Gluttons for this sort of thing also get an in-depth look at the Sports sub-sector guy, who says ‘it may be inappropriate’ to let all members of a football club vote.
In public, all pro-establishment Committee members maintain the fiction that they are taking part in an unrigged process. Amusingly, a few of the most easily flattered seem to believe it. As if the Chinese Communist Party would allow someone else to choose. It’s almost charming.
Still, the article accentuates the rottenness of the system, and deserves an audience if only to make people angry. For example, whatever happened to the CCP that went around killing landlords?
For [faithful patriot] Ann Chiang Lai-wan, who served on all four committees before becoming a lawmaker, no cap should be placed on the number of terms of membership. She said: “Imagine if Li Ka-shing ceased to be on the committee – that’d be a matter of concern.”

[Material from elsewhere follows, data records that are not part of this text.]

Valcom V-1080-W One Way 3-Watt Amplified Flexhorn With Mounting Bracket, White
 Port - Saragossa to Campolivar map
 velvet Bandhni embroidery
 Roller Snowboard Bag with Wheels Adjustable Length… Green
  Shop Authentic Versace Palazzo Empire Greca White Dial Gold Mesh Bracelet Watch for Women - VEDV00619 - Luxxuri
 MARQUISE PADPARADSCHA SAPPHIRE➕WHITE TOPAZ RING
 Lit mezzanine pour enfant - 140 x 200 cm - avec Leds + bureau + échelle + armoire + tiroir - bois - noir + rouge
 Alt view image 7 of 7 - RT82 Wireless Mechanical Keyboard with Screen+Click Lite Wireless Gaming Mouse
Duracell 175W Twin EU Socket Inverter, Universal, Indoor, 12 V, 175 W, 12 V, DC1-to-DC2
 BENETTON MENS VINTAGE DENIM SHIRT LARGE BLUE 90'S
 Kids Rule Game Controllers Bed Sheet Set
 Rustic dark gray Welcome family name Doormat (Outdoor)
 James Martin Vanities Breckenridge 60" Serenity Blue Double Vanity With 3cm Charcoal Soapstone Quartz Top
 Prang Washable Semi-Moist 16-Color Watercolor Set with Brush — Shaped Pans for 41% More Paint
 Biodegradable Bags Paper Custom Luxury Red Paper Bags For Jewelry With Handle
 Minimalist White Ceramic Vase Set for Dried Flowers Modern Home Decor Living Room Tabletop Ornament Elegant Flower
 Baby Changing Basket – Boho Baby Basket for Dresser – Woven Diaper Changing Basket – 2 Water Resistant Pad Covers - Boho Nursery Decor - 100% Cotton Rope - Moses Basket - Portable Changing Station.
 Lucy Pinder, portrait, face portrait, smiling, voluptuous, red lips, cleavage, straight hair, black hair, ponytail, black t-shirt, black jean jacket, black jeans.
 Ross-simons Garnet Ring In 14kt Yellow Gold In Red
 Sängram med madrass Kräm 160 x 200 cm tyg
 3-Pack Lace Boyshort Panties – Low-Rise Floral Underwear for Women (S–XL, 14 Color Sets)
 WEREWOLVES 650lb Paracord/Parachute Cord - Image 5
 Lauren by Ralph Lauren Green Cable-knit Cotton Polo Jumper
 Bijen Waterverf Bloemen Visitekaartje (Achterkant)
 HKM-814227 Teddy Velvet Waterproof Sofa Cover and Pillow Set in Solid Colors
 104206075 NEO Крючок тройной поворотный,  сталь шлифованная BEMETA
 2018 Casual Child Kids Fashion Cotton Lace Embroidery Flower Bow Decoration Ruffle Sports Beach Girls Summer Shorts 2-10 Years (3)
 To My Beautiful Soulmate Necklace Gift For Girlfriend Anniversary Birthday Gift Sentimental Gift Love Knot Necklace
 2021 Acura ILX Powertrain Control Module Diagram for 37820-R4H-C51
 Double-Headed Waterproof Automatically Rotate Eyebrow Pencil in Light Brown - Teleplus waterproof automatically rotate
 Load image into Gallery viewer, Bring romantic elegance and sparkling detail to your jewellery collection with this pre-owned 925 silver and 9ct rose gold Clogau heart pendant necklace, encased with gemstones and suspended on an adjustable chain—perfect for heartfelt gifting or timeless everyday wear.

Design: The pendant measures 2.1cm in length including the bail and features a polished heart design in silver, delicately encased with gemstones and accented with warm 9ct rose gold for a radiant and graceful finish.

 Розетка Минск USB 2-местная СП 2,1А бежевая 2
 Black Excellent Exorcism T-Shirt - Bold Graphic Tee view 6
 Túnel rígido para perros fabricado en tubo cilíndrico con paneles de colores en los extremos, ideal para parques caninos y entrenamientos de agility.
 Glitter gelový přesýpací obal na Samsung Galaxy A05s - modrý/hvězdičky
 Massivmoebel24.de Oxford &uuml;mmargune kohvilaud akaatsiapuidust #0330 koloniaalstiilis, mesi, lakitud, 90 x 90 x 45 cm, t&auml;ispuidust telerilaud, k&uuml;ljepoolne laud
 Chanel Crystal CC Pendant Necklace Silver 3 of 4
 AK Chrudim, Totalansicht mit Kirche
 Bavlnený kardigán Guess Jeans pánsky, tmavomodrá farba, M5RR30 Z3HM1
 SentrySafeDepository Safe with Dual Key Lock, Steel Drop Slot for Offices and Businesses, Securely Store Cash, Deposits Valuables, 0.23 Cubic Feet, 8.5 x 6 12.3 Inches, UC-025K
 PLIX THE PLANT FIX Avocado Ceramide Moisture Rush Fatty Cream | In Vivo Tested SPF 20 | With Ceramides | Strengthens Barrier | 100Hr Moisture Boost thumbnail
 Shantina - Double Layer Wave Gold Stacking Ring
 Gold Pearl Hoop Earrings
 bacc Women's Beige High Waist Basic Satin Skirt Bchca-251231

Needless to say the reporter asks ‘to whom?’ and ‘why?’ and ‘what about when he dies?’
Just kidding – of course he doesn’t. Any more than he admits that it’s irrelevant how long anyone is on the Committee.
Well it’s pretty obvious that once LKS expires, his body’ll be mummified like an old Buddhist monk’s and he’ll be rolled around on a trolly and placed at the head of every conference table whenever a meeting requires voting and/or comments from the Big Guy.
….then the CCP organ grinder said to the innocent but naive flower girl, “Christine, put your tu-lips on my organ !”. And so she did.